▶ TRY IT
Report every line of the listing below in which the string "Olive" occurs.

================================

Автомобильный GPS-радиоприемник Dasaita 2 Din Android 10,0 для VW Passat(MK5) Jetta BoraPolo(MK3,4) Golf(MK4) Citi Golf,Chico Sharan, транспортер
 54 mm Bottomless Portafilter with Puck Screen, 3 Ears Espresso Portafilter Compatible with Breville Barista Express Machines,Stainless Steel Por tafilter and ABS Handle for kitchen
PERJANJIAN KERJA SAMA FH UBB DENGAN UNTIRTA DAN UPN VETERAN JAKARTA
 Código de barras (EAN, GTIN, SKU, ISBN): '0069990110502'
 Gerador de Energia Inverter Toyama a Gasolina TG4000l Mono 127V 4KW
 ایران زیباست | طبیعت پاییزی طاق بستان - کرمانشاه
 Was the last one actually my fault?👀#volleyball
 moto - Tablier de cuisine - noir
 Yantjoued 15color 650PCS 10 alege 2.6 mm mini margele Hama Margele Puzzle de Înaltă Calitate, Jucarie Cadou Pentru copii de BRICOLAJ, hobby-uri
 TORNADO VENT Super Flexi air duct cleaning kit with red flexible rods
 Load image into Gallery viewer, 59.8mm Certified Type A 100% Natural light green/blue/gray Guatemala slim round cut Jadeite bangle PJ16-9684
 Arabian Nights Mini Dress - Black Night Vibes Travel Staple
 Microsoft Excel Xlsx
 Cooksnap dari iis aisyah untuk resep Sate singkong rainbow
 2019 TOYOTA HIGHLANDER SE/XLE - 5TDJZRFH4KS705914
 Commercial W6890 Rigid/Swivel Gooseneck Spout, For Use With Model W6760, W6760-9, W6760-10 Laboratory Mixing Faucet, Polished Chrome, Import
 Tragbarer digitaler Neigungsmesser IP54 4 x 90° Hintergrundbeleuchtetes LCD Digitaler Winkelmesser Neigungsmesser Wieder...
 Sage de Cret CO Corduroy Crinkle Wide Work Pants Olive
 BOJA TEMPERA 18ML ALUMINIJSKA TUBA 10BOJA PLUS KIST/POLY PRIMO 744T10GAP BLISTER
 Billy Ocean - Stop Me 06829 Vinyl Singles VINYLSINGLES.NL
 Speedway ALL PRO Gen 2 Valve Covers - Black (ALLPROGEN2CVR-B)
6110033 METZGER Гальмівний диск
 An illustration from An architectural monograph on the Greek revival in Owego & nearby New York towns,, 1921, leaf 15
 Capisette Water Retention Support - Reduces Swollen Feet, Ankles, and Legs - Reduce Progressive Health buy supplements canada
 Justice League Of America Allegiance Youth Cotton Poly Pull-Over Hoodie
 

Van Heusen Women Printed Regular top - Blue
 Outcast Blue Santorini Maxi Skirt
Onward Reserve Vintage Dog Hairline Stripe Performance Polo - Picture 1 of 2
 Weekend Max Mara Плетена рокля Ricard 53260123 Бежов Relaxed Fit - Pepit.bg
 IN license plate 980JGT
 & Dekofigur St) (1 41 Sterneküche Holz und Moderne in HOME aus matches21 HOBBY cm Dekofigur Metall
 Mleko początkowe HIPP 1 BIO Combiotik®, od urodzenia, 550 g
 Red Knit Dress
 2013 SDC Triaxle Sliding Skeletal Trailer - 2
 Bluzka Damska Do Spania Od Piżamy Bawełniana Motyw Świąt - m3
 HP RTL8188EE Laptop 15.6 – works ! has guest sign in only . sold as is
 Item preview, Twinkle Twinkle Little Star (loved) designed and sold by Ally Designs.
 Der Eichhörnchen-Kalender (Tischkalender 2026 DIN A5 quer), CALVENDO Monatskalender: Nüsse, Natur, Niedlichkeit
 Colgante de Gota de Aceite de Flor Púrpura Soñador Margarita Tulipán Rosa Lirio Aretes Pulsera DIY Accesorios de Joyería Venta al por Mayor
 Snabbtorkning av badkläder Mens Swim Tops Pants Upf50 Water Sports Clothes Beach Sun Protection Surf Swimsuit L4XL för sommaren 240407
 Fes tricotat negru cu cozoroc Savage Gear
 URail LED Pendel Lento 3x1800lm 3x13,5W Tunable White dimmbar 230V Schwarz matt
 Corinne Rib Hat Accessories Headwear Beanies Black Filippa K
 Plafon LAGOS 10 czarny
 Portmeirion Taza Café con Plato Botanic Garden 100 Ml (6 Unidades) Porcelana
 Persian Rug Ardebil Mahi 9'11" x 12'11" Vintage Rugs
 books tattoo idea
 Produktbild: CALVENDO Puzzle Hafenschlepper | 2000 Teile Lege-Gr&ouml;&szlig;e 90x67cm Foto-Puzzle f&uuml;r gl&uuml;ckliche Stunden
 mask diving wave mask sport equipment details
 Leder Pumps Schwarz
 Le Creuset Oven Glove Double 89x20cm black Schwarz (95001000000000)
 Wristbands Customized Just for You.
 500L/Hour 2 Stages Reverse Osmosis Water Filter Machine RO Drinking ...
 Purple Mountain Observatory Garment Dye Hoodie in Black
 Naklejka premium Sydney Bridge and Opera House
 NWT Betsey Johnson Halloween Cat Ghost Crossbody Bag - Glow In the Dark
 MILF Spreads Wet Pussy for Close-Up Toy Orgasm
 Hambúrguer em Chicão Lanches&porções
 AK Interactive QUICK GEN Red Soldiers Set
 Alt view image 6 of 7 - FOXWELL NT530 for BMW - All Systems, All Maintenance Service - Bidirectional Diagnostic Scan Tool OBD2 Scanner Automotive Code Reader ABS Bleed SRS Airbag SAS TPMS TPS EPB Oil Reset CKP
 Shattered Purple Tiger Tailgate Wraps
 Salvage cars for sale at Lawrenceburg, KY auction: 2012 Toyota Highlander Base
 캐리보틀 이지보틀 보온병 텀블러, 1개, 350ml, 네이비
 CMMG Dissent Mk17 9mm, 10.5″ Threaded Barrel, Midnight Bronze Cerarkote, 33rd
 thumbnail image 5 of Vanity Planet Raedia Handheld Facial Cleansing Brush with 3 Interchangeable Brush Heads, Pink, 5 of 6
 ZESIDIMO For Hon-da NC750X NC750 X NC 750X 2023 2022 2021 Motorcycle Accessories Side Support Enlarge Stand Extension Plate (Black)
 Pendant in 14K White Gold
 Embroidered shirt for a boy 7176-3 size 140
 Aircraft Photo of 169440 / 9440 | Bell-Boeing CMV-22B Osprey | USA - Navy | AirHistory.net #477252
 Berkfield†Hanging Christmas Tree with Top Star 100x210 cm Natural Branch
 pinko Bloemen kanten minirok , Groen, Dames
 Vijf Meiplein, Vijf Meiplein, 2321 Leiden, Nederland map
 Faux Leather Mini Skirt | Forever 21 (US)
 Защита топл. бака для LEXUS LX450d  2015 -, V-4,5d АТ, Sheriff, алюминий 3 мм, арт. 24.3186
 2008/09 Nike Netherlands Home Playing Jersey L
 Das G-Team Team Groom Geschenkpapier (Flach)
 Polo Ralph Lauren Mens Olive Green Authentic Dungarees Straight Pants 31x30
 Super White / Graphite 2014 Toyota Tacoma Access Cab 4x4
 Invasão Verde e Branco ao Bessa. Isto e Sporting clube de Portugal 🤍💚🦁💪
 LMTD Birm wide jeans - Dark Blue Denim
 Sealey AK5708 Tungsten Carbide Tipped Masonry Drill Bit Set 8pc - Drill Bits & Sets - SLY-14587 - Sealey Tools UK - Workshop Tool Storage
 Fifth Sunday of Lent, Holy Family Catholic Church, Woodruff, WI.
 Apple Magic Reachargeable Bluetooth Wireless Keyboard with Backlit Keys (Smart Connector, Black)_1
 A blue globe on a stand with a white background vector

================================

▶ EXERCISE SOLUTION
 Sage de Cret CO Corduroy Crinkle Wide Work Pants Olive
 Polo Ralph Lauren Mens Olive Green Authentic Dungarees Straight Pants 31x30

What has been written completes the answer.